Try it.
Please transcribe, word for word, only the lines from the one containing "Singing Bird Christmas" through the last line of the records below, both included, and leave out every picture.
Start of Supplied data
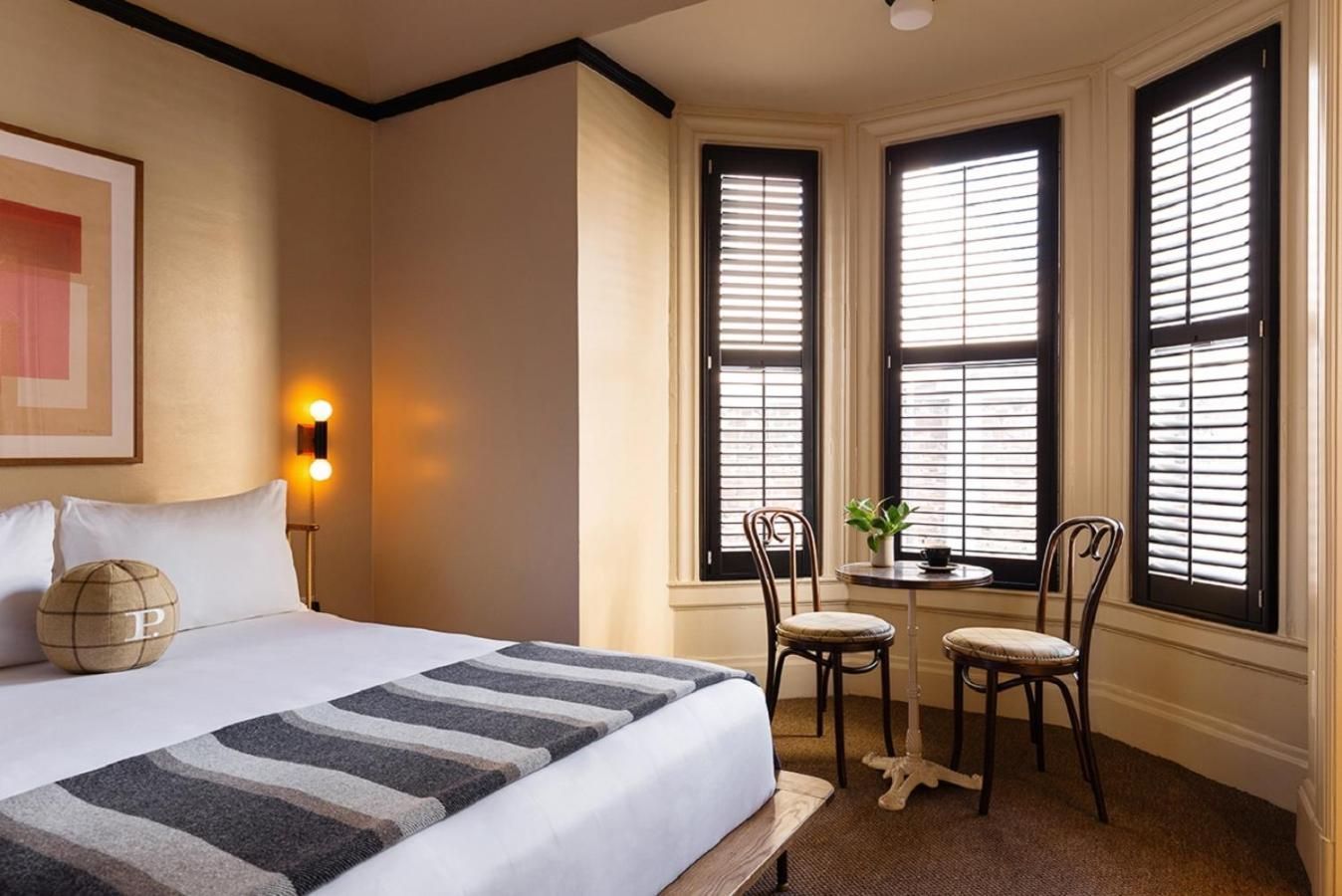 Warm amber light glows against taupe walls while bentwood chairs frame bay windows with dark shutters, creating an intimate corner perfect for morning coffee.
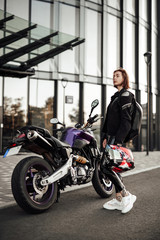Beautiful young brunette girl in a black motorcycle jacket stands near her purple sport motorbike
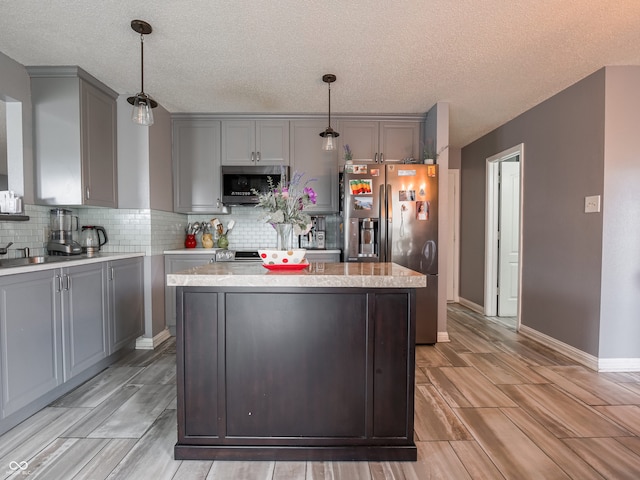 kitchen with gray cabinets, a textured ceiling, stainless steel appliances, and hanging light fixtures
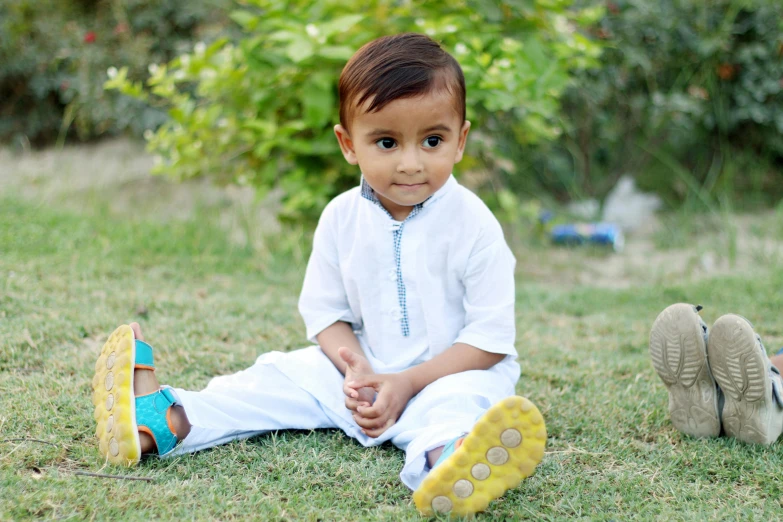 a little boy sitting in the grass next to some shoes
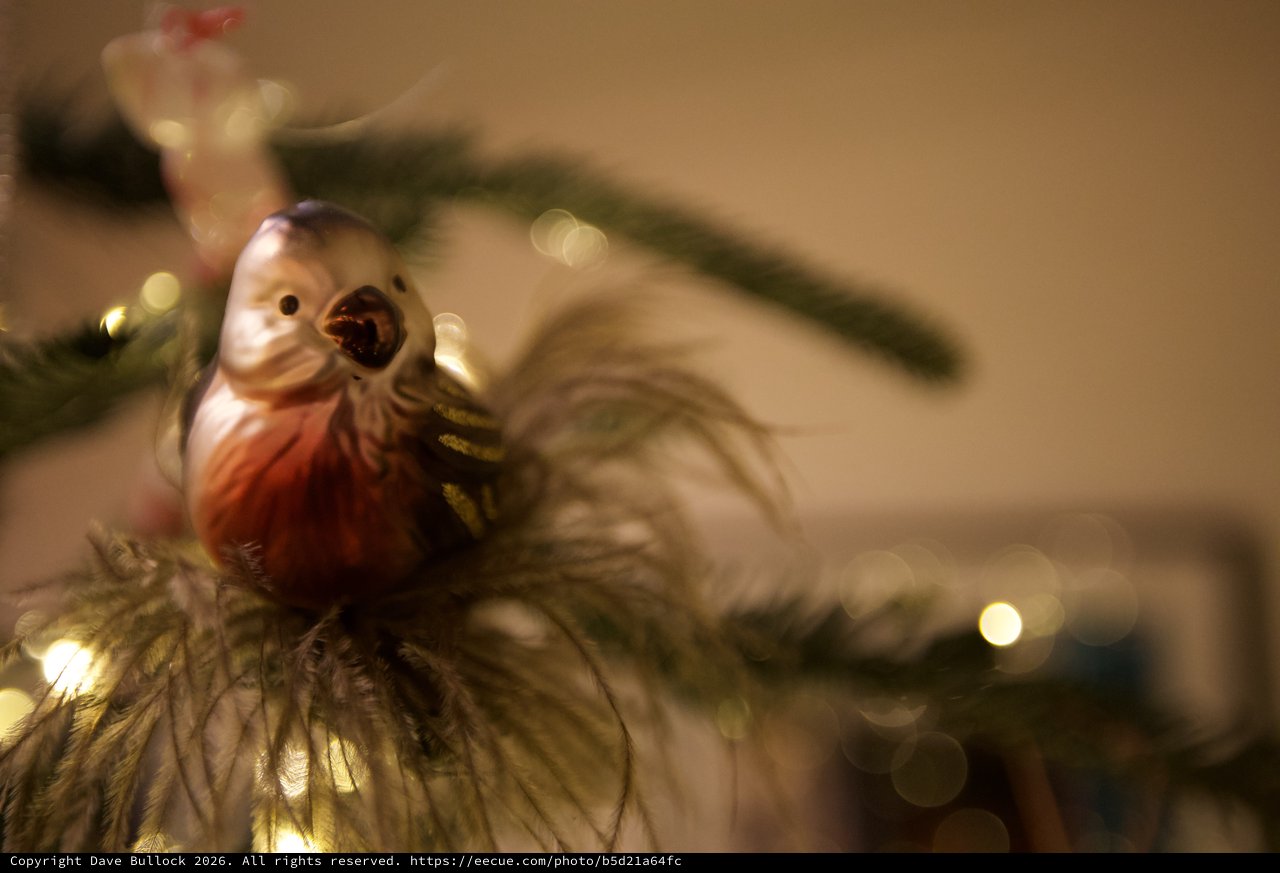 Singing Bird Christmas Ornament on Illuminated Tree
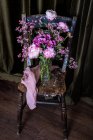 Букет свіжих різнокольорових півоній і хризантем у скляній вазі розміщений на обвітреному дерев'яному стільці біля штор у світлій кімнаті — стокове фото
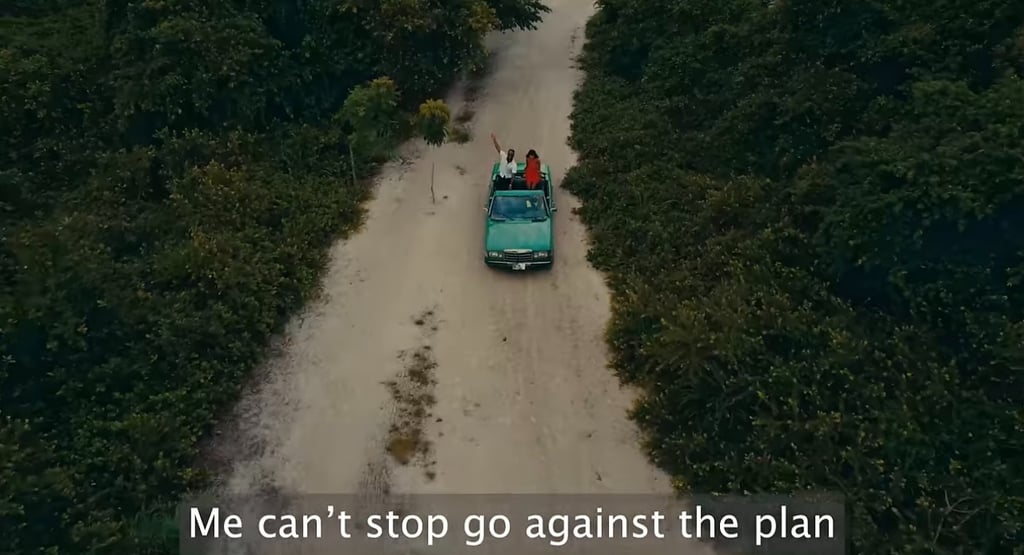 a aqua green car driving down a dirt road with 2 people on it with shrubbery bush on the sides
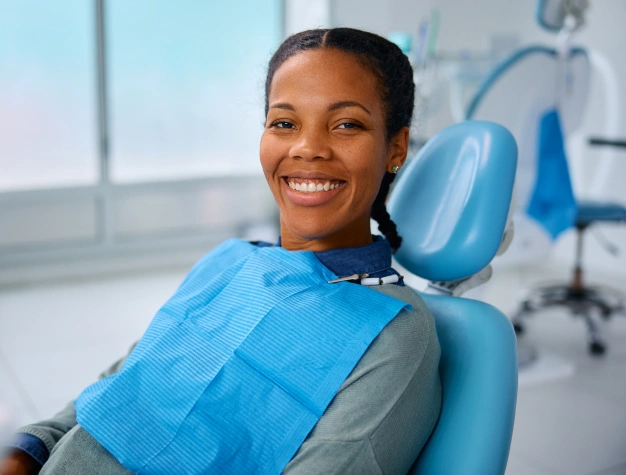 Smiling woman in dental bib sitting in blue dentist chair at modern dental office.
End of Supplied data
Task output.
 Singing Bird Christmas Ornament on Illuminated Tree
 Букет свіжих різнокольорових півоній і хризантем у скляній вазі розміщений на обвітреному дерев'яному стільці біля штор у світлій кімнаті — стокове фото
 a aqua green car driving down a dirt road with 2 people on it with shrubbery bush on the sides
 Smiling woman in dental bib sitting in blue dentist chair at modern dental office.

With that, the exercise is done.